Hace diez años se comparó en Holanda esta terapia con la quimioterapia usual intravenosa: los pacientes operados con cirugía citorreductora con quimioterapia peritoneal hipertérmica sobrevivieron en promedio dos años, y los que recibieron sólo quimioterapia sobrevivieron en promedio un año. Pero 8% de los operados murieron de complicaciones tras la cirugía (JCO October 15, 2003 vol. 21 no. 20 3737-3743). Algunos oncólogos opinan que en la última década las drogas contra el cáncer han mejorado y la comparación no es válida hoy. Los cirujanos piensan, al otro lado del dilema terapéutico, que el procedimiento se ha perfeccionado y las complicaciones son menores hoy. La controversia sigue porque no se ha podido repetir el estudio con controles adecuados. Es evidente que todos quisiéramos ser en esa situación casos tratados y no controles no tratados, lo que hace difícil reclutar pacientes para una investigación clínica controlada.

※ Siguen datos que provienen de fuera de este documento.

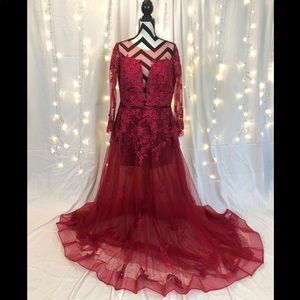 New Sheer Tulle Formal Gown sleeve + mini skirt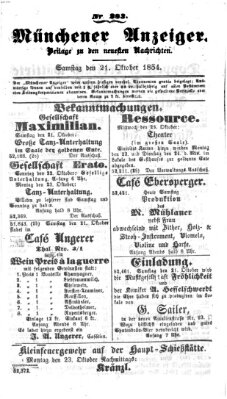 Neueste Nachrichten aus dem Gebiete der Politik (Münchner neueste Nachrichten) Samstag 21. Oktober 1854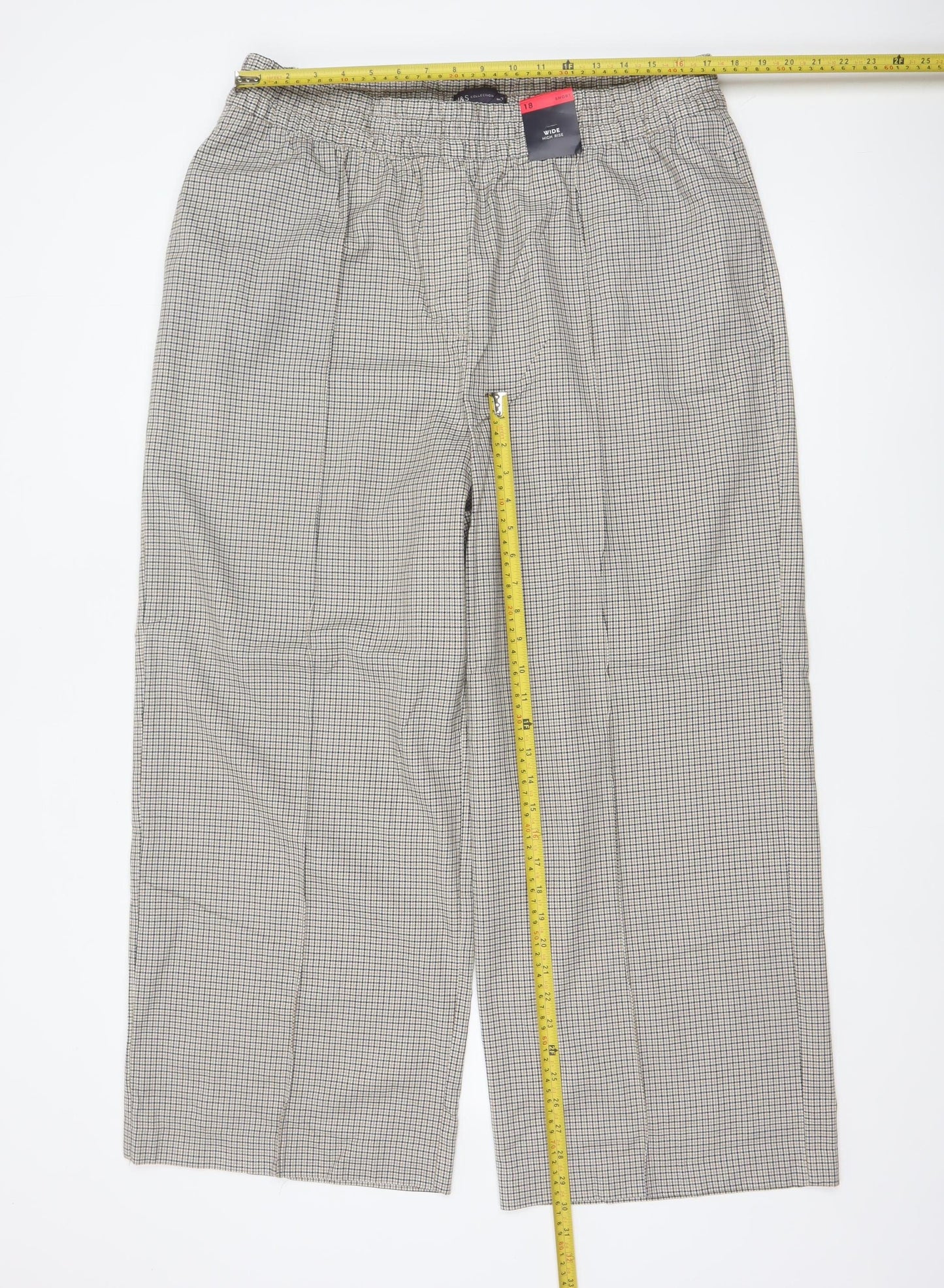 Marks and Spencer Women’s Beige Check Wide Leg High Rise Trousers UK 18 Short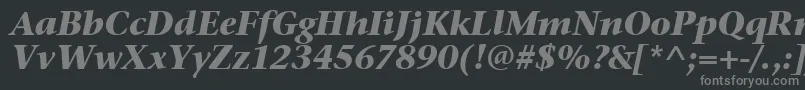 フォントStoneSerifItcTtBolditalic – 黒い背景に灰色の文字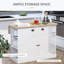 Îlot de cuisine de 47 po en bois cannelé, armoire de rangement de comptoir avec rallonge, tiroir, tablettes ouvertes, rangement, blanc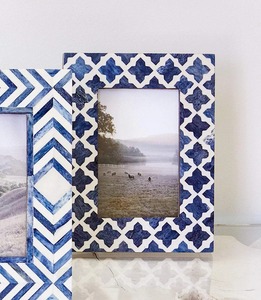 Luxury Bone Inlay Photo <b>Frame</b> Modern Handmade Blue <b>White</b> Eco-Friendly Durable Rectangle Horizontal Tabletop Display - Product Image 6
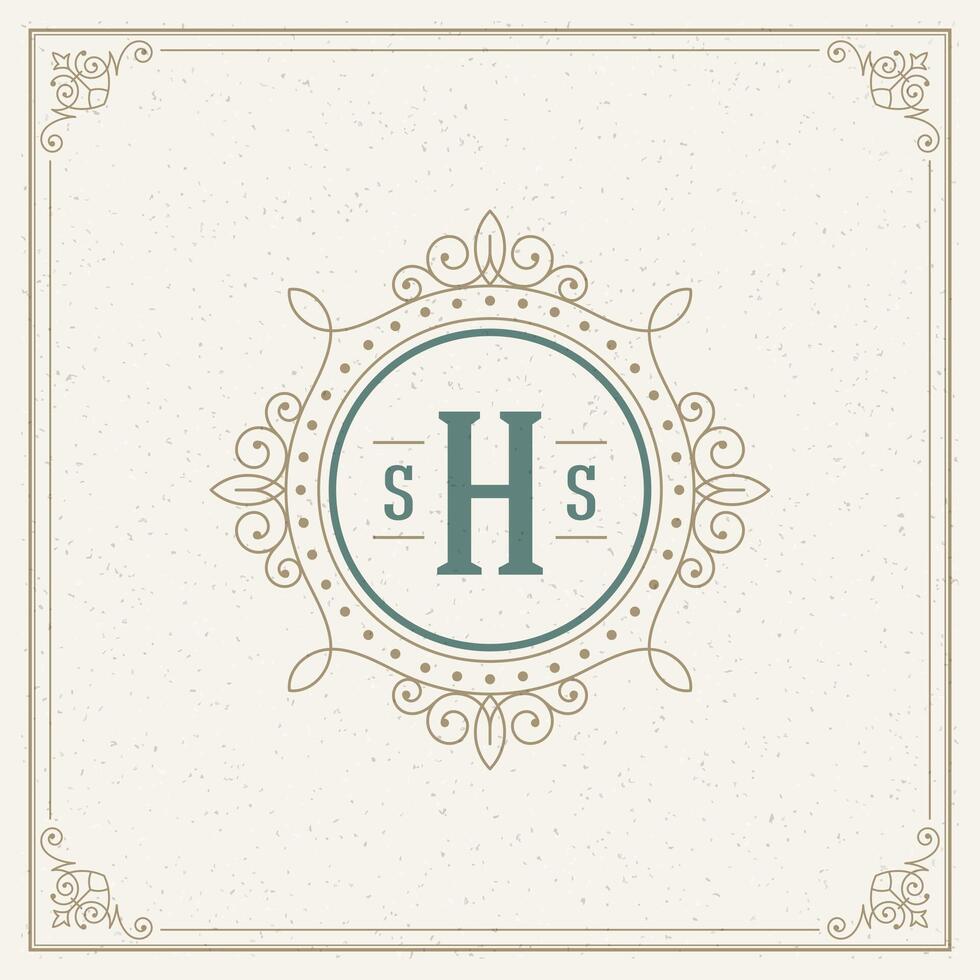 Royal Logo Design Template. Flourishes calligraphic elegant ornament lines. vector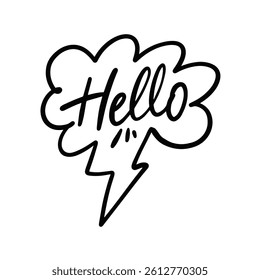 A playful speech bubble design featuring Hello, perfect for greetings and social media interactions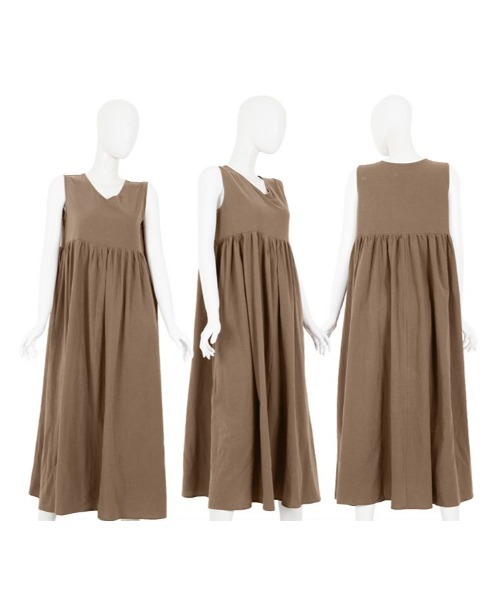 セール】[フレンチスリーブ・ノースリーブ]前後2Wayリネンタッチマキシ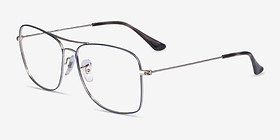 Ray-Ban RB6498 Silver Blue Métal Montures de lunettes de vue d'EyeBuyDirect, Vue d'Angle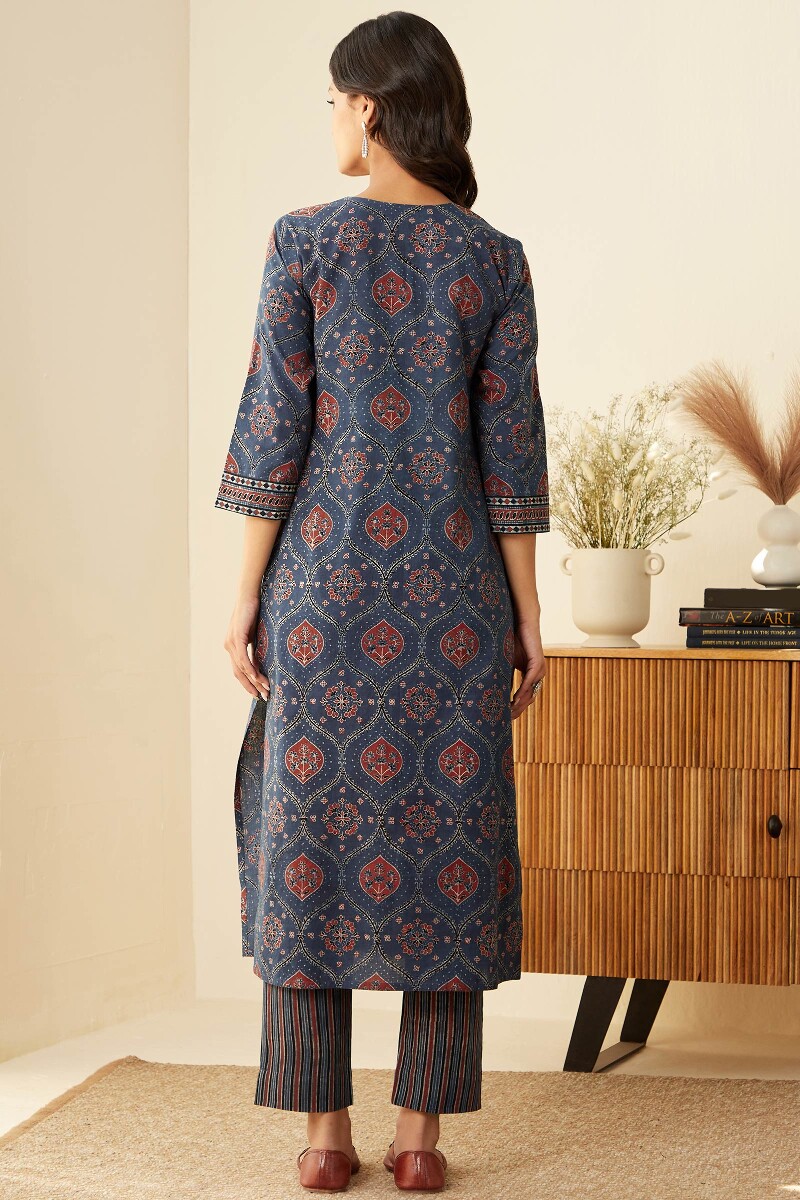 Ajrak Hand Block-Printed Straight Cotton Kurta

El presidente Chávez parece sufrir de un tumor maligno distinto (se especula que se trata de un sarcoma pélvico no adenocarcinoma abdominal) pero sus médicos deben colocarlo ante las cifras duras de supervivencia en casos parecidos al suyo. Sólo tras una clara visión de lo que se espera, puede uno juzgar la opción de un tratamiento extremo. Aunque como dijo Nietzsche: “La esperanza es un estimulante vital muy superior a la suerte”. Y más poderosa que los esteroides frecuentemente incluidos en muchas quimioterapias.